Mr Stocker continued: “The Labour manifesto was short on detail and depth and when the party has been questioned on future agriculture budgets has responded that we need more understanding of the value and benefits of investments to date. NSA agrees with this but we are also strongly of the opinion that current budgets are inadequate given the urgency of many challenges ahead. We urgently need wider and deeper impact assessments of the new farming and environmental schemes as well as more complete recognition of public goods delivery – including food production as a public good.

“It is imperative there is not another U-turn in policy for the industry, instead existing policy needs to be built upon and fundamental issues raised by the wider industry addressed.”

Country Land and Business Association (CLA) president Victoria Vyvyan congratulated Labour on its victory, and said: "The new government must listen to and learn from the rural community, as farmers and rural business owners can so often provide the solutions to the problems that government faces. We will work with ministers constructively, and perhaps at times robustly, in pursuit of a strong rural economy.

“The new government must hit the ground running.
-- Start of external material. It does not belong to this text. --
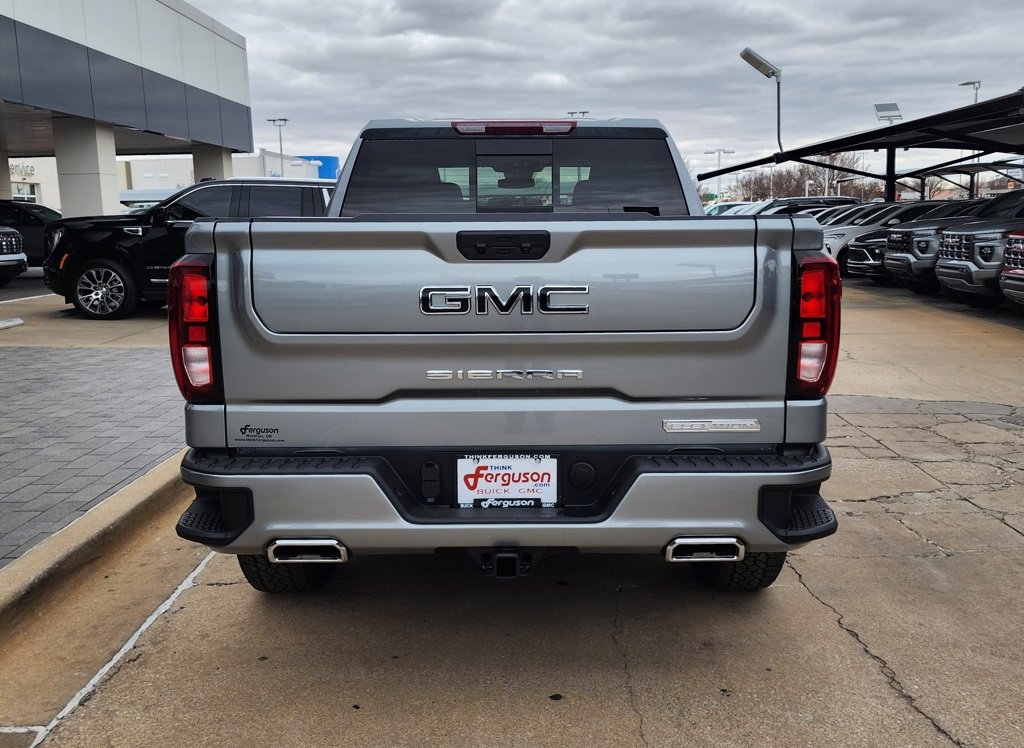 New 2026 GMC Sierra 1500 Elevation w/ Preferred Package image 5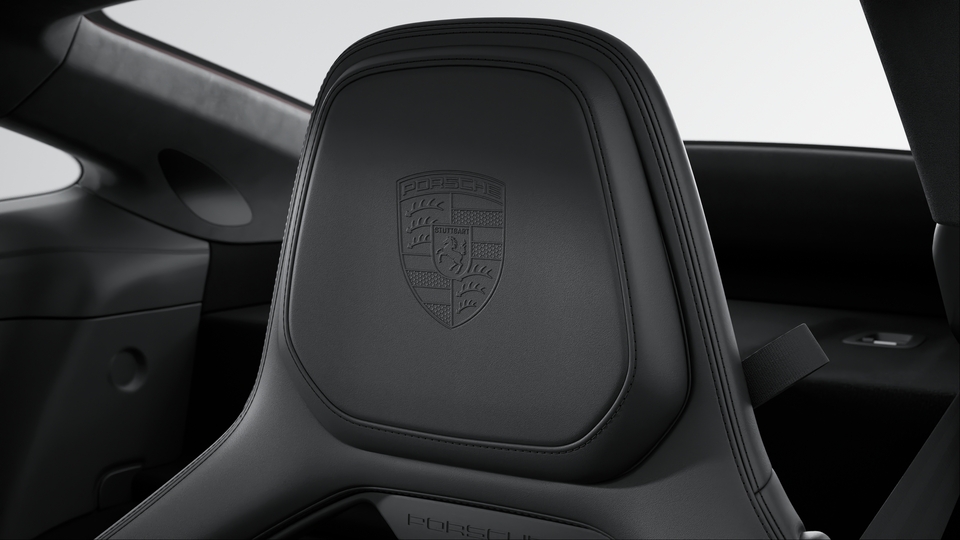 Lightweight Sport bucket seats (foldable)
From providing certainty around the farming budget to overhauling the archaic planning system, it needs to go for growth with a robust and ambitious strategy for the countryside.

“The rural economy is 16 per cent less productive than the national average, and closing that gap could add £43bn to UK GVA. With the right support, rural businesses can generate growth, creating good jobs and prosperity for every community.”

Guy Coggrave, managing director of GSC Grays meanwhile, said the result and potential tax shifts could impact land and farm sales in Northern England.

“The farmland market in the North is currently experiencing increased activity, despite there being a shortage of good-sized arable or commercial farms coming to market," he said. "Supply and demand are roughly balanced, but it would not take much to tip this balance, especially with factors like debt reduction and changes in farming policy playing a significant role.

“Potential increases in Capital Gains Tax or the removal of Agricultural Property Relief (APR) could further impact the market. Business Property Relief (BPR) is hoped to remain unchanged, but if APR is modified, landowners must ensure their farms are active enterprises to benefit from this relief. Farmers are increasingly using specialist advice focusing on profitability and sustainability of their farm businesses, which is the essence of the Defra funded Farming Business Advice Service (FBAS) we have delivered to over 1,000 farming enterprises this year.

“The majority of bare land sales in the North are highly localised, often depending on neighbouring interests looking to expand their enterprise while those buyers with an environmental agenda have become more selective, recognising they have sometimes overpaid in the past. Demand for larger arable and more commercial units remains strong.

“The quality and presentation of farms is increasingly important and for those who are considering selling, it is advisable to act promptly to make the most of what currently remains a favourable tax regime, which many commentators anticipate will change this autumn or next spring.”